Plaintiff sued Defendant in federal court for negligence for an accident that occurred in Pennsylvania. Under Pennsylvania law, Plaintiff was a trespasser and would have to prove Defendant was wantonly negligent. Under the general rule, however, Defendant only owed a duty of ordinary care to Plaintiff. The District Court applied the general rule and the jury returned a verdict for Plaintiff that was upheld by the Court of Appeals.
Synopsis of Rule of Law.
The term “laws” in Section 34 in the Judiciary Act of 1789 (the “Rules of Decision Act”) refers to the decisions of local tribunals as well as state statutes, their interpretations by the courts, and the rights and titles to things having a permanent locality.
Facts.
Tompkins (Plaintiff) was walking along a path next to railroad tracks in Pennsylvania when an object protruding from a train struck him. Plaintiff sued Erie Railroad Company (Defendant), the owner of the property, for negligence in federal court. Defendant is based in New York. Under Pennsylvania law, Plaintiff was a trespasser and Defendant only owed a duty to avoid wanton negligence. The majority rule, however, is that a railroad owes a duty of ordinary care to a traveler on a footpath. The District Court applied the general law and found for Plaintiff. The Court of Appeals affirmed.
Issue.
Under Section 34 of the federal Judiciary Act of 1789, should Pennsylvania law apply to Plaintiff’s case?
Held.
Yes. [Swift v. Tyson, 41 U.S. (16 Pet.) 1, 10 L.Ed. 865 (1842)], is overruled. The doctrine irrationally favored state statutory law over state common law. Thus, Swift favored out-of-state litigants over in-state litigants because the out-of-state litigant could ensure that a case would be heard in federal court if it did not like the common law applicable in state court. Federal courts are courts of limited jurisdiction and thus cannot “supervise” the decisions of the state courts unless such authority is specifically delegated to them in the constitution. Thus, there is no federal common law. State common law and statutes should be given equal force in the federal courts deciding state law. Section 34 is not unconstitutional, just the doctrine of Swift v.
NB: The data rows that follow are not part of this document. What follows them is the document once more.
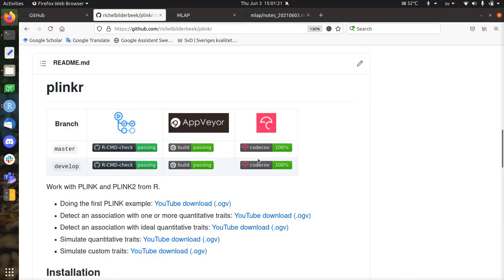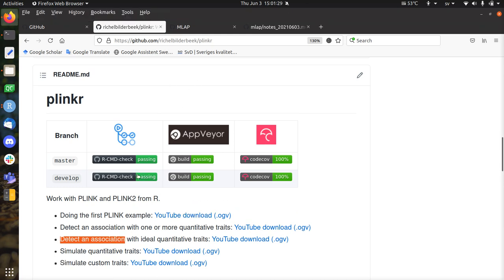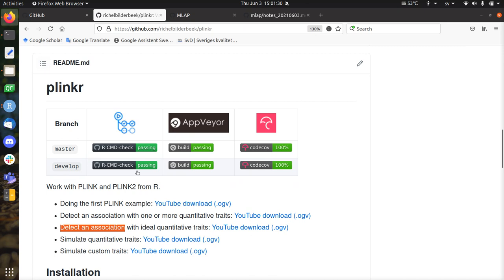Hi, I would like to talk about Plinkr and how it can detect an association with binary traits. So Plinkr is an R package that works with Plink1 and Plink2. It installs them separately so you can just say or the one use Plink2 for this and Plink1.7 for that analysis.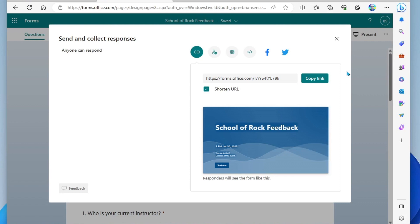All right, in the next video, we're going to look at how to review the responses once they've come in.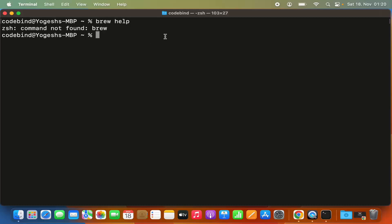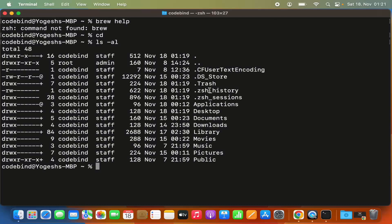If you're using a newer version of macOS, the default terminal is ZSH, and ZSH is not able to recognize the brew command because the brew binary path is not set in our .zshrc. So navigate to your home folder — just type cd and press enter. Then run ls -al to show all hidden files and folders in your home directory. If you don't see a .zshrc file, you'll need to create one.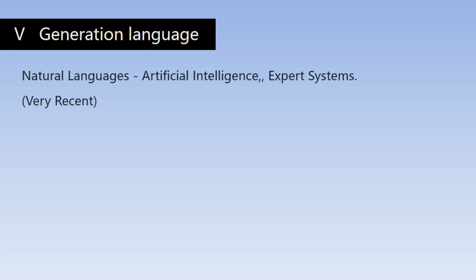Fifth generation languages are very recent developments and they are natural languages whose text of statements very closely resembles human speech. These languages are also designed to make the computer smarter.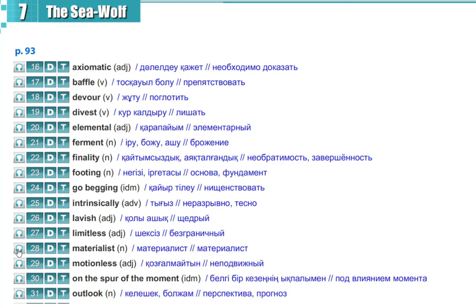Materialist, materialist, motionless, motionless, on the spur of the moment, on the spur of the moment.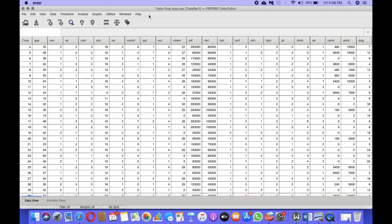You must always have some hypothesis when performing a test. For this regression, my hypothesis is that age and time since diagnosis could play a role in predicting the depression score of the respondents. Age and time since diagnosis will be my independent variables. Now, there are several rules that we need to follow before performing the regression test.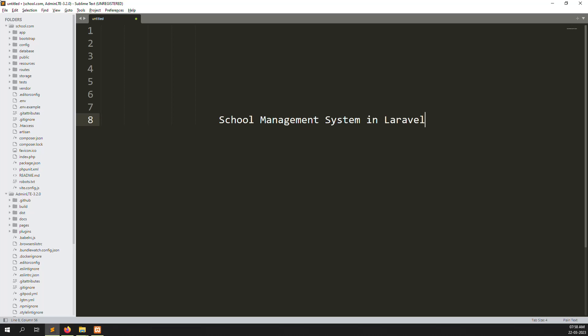Hello friends, welcome back to School Management System in Laravel. In this video, I will explain how to make a database connection in our project, and I will divide all the HTML files into layouts like headers and footers. So let's make the first database connection.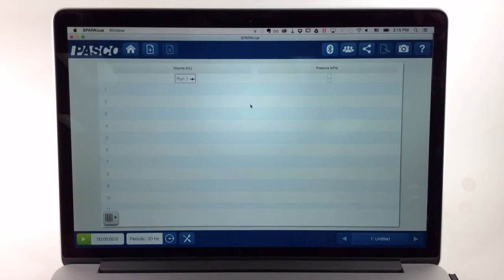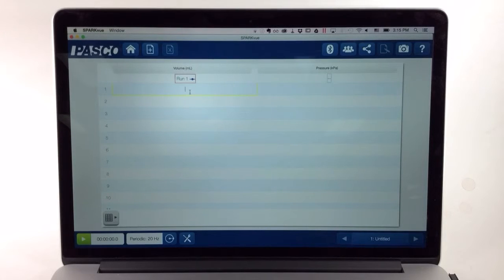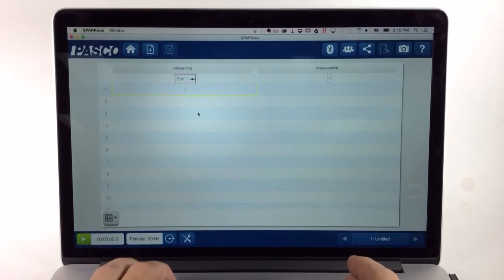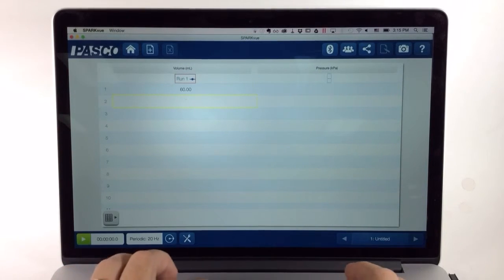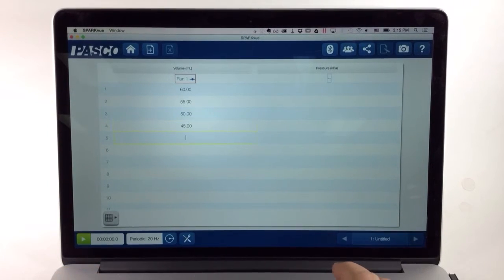I have my two columns now set up. If I want to, I could begin to fill in the volumes I'll be using before I even start recording data, or I could do this while recording or even after recording.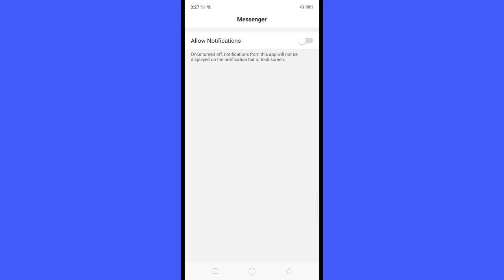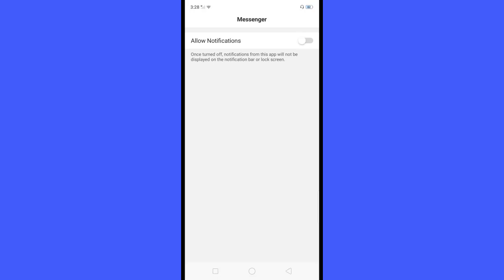And kindly subscribe to my YouTube channel by pressing the subscribe button and the bell to notify you if I have new video. Thanks.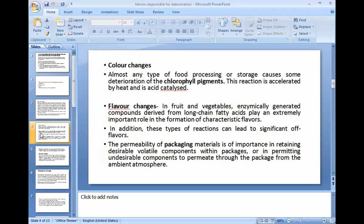Then color change. Almost any type of food processing or storage causes some deterioration of chlorophyll pigments. The reaction is accelerated by heat and acid catalysts. After harvesting or cutting fruits, the color is lost due to the deterioration of chlorophyll pigment. Temperature conditions of the harvested fruits and vegetables and the internal acid-catalyzed process are responsible for chemical color changes in fruits and vegetables.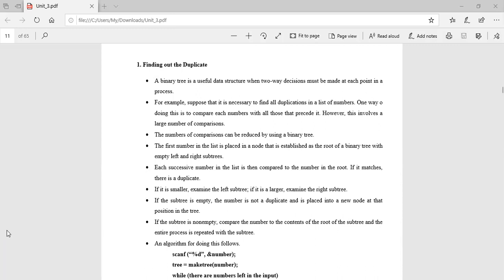Each successive number is compared with the root. If the number matches the root, it is a duplicate. If it is smaller, we put it in the left subtree; otherwise, we put it in the right subtree. If the subtree is empty, the number is not a duplicate, so it is placed into a new node at that position in the tree.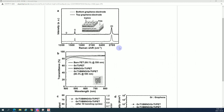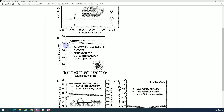Experiment: Raman mapping result. Vertical axis: intensity. Horizontal axis: Raman shift. G-peak, 2D peak band area, G-peak — 15 area per centimeter. 2D peak band area, G-peak, 2D peak band area, G-peak at 2680 per centimeter. Button graphene electrode.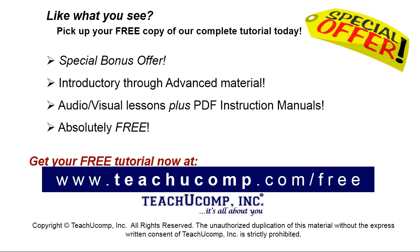Like what you see, pick up your free copy of the complete tutorial at www.teachyoucomp.com forward slash free.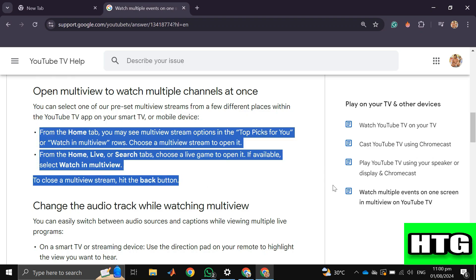First, from the home tab you may see multiview stream options in the top picks for you or watch in multiview rows. Choose a multiview stream to open it.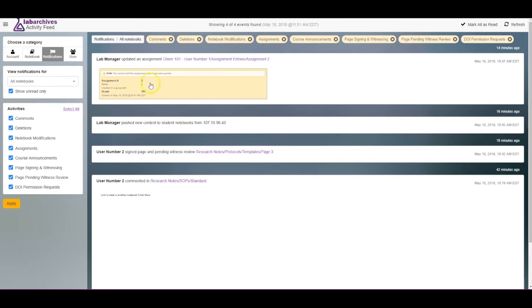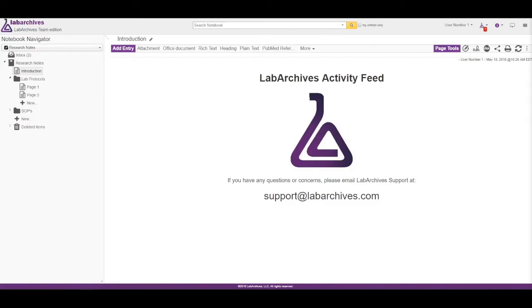If you would like to view all notifications in your account, deselect show unread only and select Apply.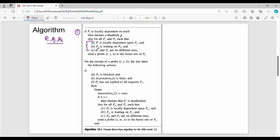In the algorithm, Pj is waiting for Pk. Condition three is that j and k are different. If Pj is waiting for Pk and they are different processes, then we send a probe. The probe is the triplet (i, j, k), and it is sent to the home site of Pk.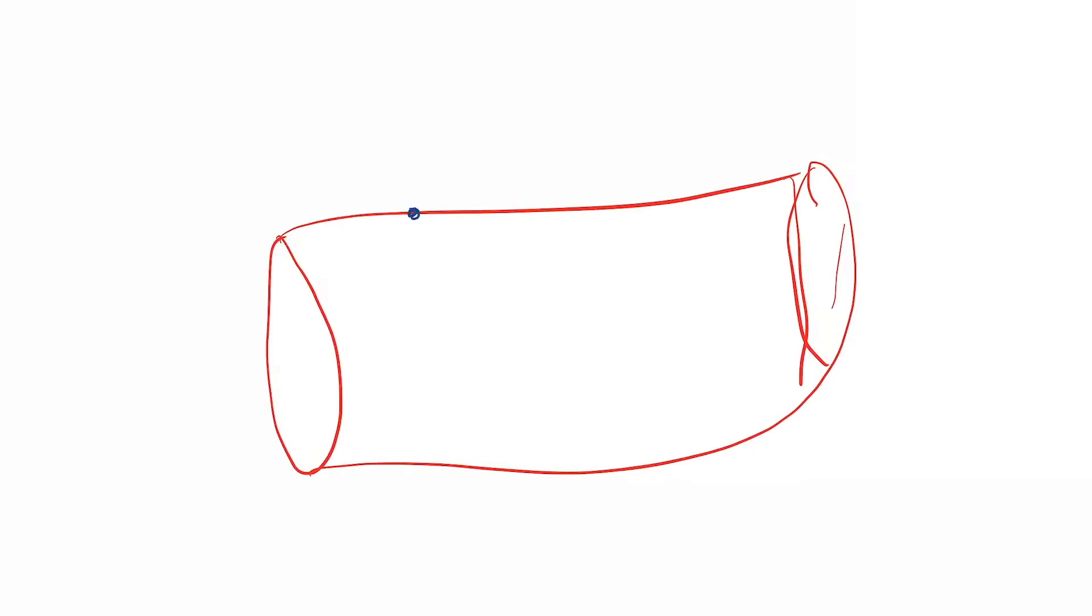So now this is the blood vessel, a dilated blood vessel. It has a receptor named 5-HT1B/1D receptor.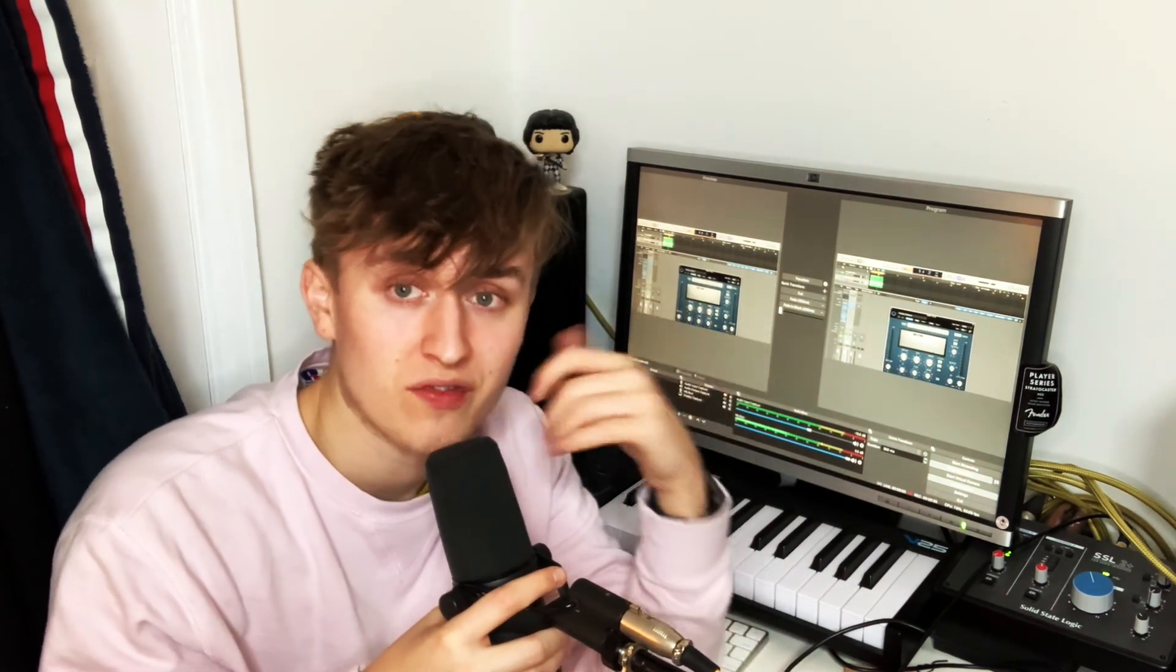You could side chain a compressor on a reverb bus to the vocal, so when the vocals sing the reverb doesn't kick in, but when the vocal then times out, the reverb then comes forward in the mix. That is a very advanced technique which I will show you in another video.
Tyson.
Dissent.
Justice Butler: The Court considered a question that was not raised. Furthermore, the case cited as grounds for overruling Swift v. Tyson was a single dissent authored 50 years after the Tyson decision was announced. The Court does find Section 34 unconstitutional, and it did not give counsel a chance to argue the constitutional question. Finally, the constitutionality of Section 34 need not have been considered because the evidence shows that Plaintiff was guilty of contributory negligence. Therefore, the judgment should be reversed. Concurrence. Justice Reed: The rule in Swift was not unconstitutional, it was just erroneous. The Court’s opinion here implies that the federal courts must follow state decisions involving substantive law, whether Congress legislates or not, because to not follow state decisions would violate the constitutional autonomy of the states. This implication is questionable, because under Article III and the necessary and proper clause, Congress can restrict federal courts’ adherence to state common law.
Discussion.
This case articulates what is known as the “Erie doctrine”: a federal court sitting in diversity applies substantive state law. Erie expanded the definition of Section 34 of the Judiciary Act of 1789 to include state court decisions. The two policies emphasized in Erie: uniformity of state court decisions and prevention of discrimination between residents and non-residents, are mentioned frequently in subsequent decisions that support and refine Erie. Only the concurring opinion of Justice Reed explicitly states that a federal court should apply state substantive law and federal procedural law.